In September, the Woodland Park Zoo sells the scat– zoo doo–  that its animals produce throughout the year. This factoid, of course, was too bizarre not to share in the office chatroom.

Kelly mentioned that her neighbor used zoo doo in his garden. And that her parents might be able to use it in their garden. And that their garden had produced more vegetables than they could eat.

I said I knew someone who could take those vegetables off of her parents’ hands.

The next morning, a zucchini the size of my cat (the little guy, not the grumpy old woman) mysteriously appeared on my desk. How could I ever eat such a behemoth in its entirety?

With David departing for a family road trip, a ceramics class potluck, friends coming over to watch the Emmys and my always-hungry coworkers, zucchini bread seemed like an ideal solution.

But with a twist.

The coconut oil, coconut palm sugar and shredded coconut in my pantry transformed standard zucchini bread into a magical fusion between simple Americana and a tropical breeze. When the batter proved too dry, a small can of coconut milk pulled through to create a moist, not-too-sweet quick bread.
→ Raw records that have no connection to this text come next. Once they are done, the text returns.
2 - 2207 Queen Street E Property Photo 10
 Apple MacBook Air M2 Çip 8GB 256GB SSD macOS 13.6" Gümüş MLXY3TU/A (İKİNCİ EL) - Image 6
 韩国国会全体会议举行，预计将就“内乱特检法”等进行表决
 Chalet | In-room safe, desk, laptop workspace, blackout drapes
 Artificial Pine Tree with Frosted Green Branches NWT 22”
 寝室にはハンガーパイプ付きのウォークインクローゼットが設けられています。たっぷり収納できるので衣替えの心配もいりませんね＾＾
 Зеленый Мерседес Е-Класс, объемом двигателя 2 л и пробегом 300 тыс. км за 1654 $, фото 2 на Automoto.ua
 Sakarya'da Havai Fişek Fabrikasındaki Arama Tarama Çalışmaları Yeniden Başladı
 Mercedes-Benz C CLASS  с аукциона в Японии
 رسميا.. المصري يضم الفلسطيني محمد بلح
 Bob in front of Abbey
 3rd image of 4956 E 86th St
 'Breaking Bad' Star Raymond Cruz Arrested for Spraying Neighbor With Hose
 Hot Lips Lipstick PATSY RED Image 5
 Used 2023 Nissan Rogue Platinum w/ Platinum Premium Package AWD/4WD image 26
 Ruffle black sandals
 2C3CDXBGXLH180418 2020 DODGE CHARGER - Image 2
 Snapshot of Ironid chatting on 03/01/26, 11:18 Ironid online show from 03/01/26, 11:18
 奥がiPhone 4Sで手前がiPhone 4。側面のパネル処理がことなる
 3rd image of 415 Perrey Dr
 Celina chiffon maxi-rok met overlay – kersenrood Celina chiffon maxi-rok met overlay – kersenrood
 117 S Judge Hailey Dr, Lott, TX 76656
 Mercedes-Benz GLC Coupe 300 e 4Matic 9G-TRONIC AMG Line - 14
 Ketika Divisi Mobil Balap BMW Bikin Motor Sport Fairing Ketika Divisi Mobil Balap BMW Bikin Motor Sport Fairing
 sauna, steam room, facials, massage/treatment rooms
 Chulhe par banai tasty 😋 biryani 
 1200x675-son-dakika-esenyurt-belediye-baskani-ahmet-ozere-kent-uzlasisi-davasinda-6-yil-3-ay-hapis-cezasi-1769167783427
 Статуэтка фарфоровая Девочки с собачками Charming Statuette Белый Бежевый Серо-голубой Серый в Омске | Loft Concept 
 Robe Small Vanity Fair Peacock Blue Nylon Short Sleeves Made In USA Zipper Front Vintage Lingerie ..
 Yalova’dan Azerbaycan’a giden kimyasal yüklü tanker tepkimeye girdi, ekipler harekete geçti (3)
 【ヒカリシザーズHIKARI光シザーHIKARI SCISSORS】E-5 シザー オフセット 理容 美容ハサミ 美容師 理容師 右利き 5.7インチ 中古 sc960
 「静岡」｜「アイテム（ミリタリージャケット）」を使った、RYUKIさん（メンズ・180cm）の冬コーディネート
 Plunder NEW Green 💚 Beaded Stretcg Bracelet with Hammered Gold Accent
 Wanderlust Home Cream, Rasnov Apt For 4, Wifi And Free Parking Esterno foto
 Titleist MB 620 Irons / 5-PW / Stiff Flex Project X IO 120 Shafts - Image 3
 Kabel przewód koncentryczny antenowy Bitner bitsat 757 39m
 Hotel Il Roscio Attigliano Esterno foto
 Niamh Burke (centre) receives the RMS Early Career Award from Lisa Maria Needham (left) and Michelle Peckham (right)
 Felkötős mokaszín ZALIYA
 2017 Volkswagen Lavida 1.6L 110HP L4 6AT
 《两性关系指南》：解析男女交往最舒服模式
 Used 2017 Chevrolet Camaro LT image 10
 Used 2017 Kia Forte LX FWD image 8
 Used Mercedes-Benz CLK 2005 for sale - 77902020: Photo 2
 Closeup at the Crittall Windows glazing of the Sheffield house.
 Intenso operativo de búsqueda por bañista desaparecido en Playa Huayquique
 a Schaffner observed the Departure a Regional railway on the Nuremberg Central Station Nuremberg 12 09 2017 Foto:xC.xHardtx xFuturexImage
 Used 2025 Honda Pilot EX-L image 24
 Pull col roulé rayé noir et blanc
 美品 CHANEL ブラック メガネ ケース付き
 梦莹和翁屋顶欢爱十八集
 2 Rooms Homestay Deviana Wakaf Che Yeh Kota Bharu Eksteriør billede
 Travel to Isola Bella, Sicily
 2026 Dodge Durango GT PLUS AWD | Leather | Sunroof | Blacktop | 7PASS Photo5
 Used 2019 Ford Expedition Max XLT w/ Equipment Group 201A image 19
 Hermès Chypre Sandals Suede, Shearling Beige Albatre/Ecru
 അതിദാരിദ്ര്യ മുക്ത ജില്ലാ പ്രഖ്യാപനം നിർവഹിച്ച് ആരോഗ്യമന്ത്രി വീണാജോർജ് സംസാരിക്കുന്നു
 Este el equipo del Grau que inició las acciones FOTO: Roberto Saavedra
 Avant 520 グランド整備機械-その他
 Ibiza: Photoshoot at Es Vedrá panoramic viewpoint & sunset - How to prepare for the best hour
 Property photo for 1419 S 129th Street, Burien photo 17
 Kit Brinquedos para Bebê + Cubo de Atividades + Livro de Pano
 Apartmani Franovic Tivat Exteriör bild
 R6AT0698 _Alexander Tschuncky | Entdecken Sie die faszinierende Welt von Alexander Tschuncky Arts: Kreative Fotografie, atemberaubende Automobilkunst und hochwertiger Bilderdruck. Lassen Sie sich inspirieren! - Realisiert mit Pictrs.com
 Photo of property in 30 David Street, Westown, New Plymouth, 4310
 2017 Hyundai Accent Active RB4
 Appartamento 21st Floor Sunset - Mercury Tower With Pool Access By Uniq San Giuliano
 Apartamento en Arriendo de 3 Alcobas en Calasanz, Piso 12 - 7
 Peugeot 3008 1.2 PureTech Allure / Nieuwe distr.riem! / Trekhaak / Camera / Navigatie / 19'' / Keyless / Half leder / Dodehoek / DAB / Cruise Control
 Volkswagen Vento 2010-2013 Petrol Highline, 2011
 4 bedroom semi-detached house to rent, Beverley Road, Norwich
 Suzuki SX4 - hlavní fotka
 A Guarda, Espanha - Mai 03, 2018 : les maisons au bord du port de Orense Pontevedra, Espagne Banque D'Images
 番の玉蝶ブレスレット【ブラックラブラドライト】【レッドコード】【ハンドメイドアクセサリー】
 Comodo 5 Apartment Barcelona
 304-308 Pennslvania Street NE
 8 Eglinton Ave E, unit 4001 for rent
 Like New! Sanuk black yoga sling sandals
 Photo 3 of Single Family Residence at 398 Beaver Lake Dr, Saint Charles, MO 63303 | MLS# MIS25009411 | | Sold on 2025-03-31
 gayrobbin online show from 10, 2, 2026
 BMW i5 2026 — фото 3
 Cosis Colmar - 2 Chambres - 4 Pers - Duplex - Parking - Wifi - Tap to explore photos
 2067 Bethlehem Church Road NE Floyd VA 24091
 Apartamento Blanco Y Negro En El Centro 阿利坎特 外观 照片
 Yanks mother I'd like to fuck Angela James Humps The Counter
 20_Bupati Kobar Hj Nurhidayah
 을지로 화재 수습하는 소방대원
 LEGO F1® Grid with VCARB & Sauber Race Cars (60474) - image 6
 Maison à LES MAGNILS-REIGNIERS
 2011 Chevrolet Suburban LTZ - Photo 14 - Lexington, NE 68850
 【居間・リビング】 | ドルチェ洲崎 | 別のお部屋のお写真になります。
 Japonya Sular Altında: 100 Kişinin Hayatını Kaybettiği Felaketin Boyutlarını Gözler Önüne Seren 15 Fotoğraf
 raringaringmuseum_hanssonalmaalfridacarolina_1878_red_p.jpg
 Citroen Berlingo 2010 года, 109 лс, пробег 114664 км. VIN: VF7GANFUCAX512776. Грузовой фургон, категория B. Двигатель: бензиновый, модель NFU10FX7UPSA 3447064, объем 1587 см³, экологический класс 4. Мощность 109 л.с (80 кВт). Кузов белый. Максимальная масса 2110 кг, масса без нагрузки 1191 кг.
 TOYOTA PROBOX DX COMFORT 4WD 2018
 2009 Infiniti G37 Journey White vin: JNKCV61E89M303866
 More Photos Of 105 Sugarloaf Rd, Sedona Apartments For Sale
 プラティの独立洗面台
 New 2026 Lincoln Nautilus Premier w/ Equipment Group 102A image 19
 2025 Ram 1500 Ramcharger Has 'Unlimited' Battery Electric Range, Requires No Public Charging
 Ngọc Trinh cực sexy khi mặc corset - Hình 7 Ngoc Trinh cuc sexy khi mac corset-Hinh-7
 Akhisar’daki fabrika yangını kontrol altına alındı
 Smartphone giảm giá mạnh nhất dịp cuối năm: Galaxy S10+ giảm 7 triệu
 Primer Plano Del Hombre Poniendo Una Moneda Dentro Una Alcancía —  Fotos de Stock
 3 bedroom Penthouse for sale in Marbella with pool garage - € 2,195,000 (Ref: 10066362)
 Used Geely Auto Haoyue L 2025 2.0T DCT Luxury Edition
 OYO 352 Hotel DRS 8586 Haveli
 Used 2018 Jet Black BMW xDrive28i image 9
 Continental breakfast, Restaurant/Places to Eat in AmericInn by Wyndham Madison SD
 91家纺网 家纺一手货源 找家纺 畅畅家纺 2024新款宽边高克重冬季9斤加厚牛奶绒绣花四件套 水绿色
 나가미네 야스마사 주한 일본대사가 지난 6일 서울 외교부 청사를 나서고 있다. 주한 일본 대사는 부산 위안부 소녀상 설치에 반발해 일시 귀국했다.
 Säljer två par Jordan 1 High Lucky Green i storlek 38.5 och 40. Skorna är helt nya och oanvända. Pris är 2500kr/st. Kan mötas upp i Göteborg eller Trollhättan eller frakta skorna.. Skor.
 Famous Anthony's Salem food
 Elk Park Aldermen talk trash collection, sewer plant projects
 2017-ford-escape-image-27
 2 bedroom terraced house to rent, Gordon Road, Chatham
And yeah, Kelly, the zucchini yielded 6 loaves. There’s one on your desk.

Coconut Zucchini Bread
makes 2 loaves

  • 2 cups grated zucchini
  • 2 cups palm sugar (or one cup granulated sugar and one cup palm sugar)
  • 1 (5.5) oz can coconut milk
  • 1/2 cup applesauce
  • 1/2 cup coconut oil
  • 2 mashed bananas
  • 1 tsp vanilla extract
  • 2 1/2 cup flour
  • 1/2 cup coconut flour
  • 2 tsp cinnamon
  • 1 tsp ground ginger
  • 2 tsp baking soda
  • 1/2 tsp baking powder
  • 1 tsp salt
  • 1 cup shopped walnuts
  • 1/2 cup currants
  • 1/4 cup shredded coconut
  1. Preheat oven to 350 degrees and grease 2 9″x5″ loaf pans.
  2. Combine zucchini, sugar, coconut milk, applesauce, coconut oil, vanilla, and mashed bananas in a medium bowl.
  3. Combine flours, ginger, cinnamon, baking soda, baking powder and salt.
  4. Add wet ingredients to dry and mix until just combined; stir in walnuts, currants and shredded coconut.
  5. Pour into greased pans; bake for 50-55 minutes.